Table 1. Model parameters for Figure 1 and Figure 2a,b.

Model Parameter	Briggs and Campbell [9]	Cheng et al. [11]	Cheng et al. [11]
	Figure 1	Figure 2a	Figure 2b
σa	50 MPa	50 MPa	50 MPa
${\widehat{\sigma }}_p$	1541 MPa	1712 MPa	1541 MPa
$g_{op}$	0.07	0.07	0.07
${\widehat{\sigma }}_i$	428 MPa	600 MPa	513 MPa
$g_{oi}$	0.27	1.5	0.40
${\widehat{\sigma }}_{\epsilon }$	0	0	228 MPa
$g_{o\epsilon }$			1.6
pp = pi = 0.5, qp = qi = 1.5, pε = 0.667, qε = 1, ${\dot{\epsilon }}_{op}={\dot{\epsilon }}_{oi}=10 {\mathrm{s}}^{-1}$, ${\dot{\epsilon }}_{o\epsilon }={10}^7 {\mathrm{s}}^{-1}$

. The major difference in these parameters is the value of the normalized activation energy for the impurity obstacle-g_oi. The value 1.5 shown is highly unusual; typically, values between 0.2 and 0.8 have been observed [2]. Thus, while one can derive model parameters, there should be little confidence in the model parameters as listed.

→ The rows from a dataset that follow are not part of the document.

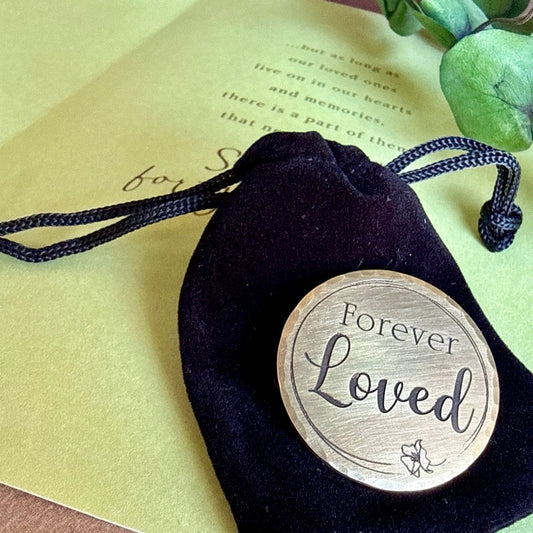 Forever Loved — Remembrance Token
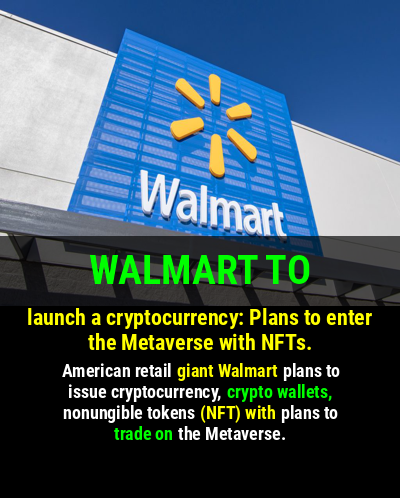 0xpinkman's tweet photo. American retail giant Walmart plans to issue cryptocurrency, crypto wallets, nonungible tokens (NFT) with plans to trade on the Metaverse.  #cryptocurrency #metaverse #superlauncherdao https://t.co/8robuAhhSS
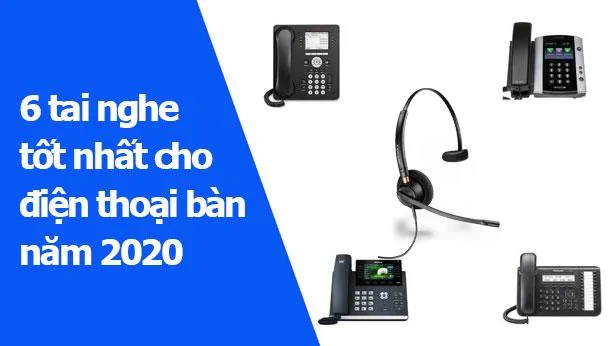 Top 6 tai nghe cho điện thoại bàn năm 2020: Đọc bài này trước khi đưa ra quyết định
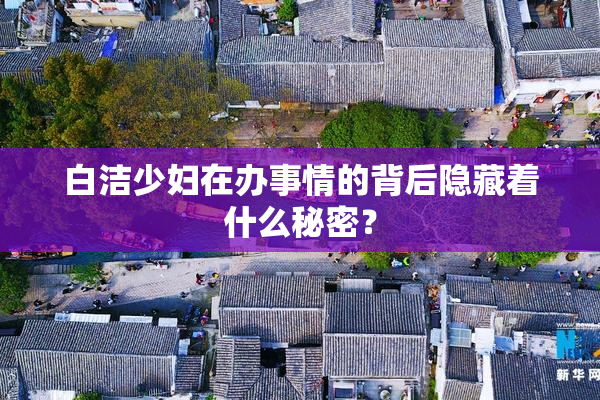 白洁少妇在办事情的背后隐藏着什么秘密？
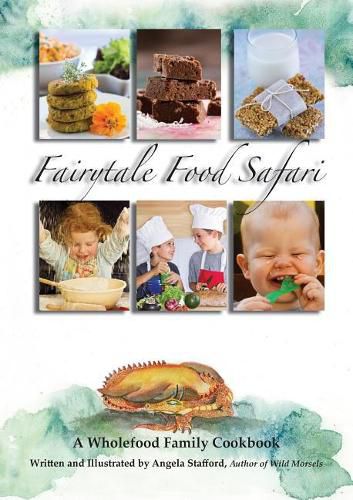 Cover image for Fairytale Food Safari: A Wholefood Family Cookbook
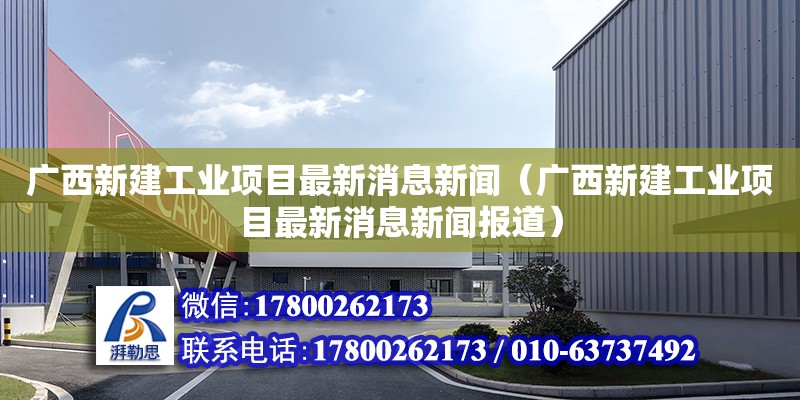 广西新建工业项目最新消息新闻（广西新建工业项目最新消息新闻报道）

The likely source of the high stresses in the Cheng et al. material is that the material was supplied with some level of hot work. This might have been a final processing step, for instance, to achieve the requested bar diameter. With a material such as molybdenum, this would likely be an elevated temperature process such as swaging. The temperature, however, would be well below the recrystallization temperature. Given this level of “prework” the material would have an existing stored dislocation density, specified by ${\widehat{\sigma }}_{\epsilon }$ in Equation (1). Figure 2b shows the Cheng et al. yield stress measurements with a model fit that includes ${\widehat{\sigma }}_{\epsilon }$ = 285 MPa. Note that the other model parameters listed in Table 1 are similar to those used for the model fit shown in Figure 1.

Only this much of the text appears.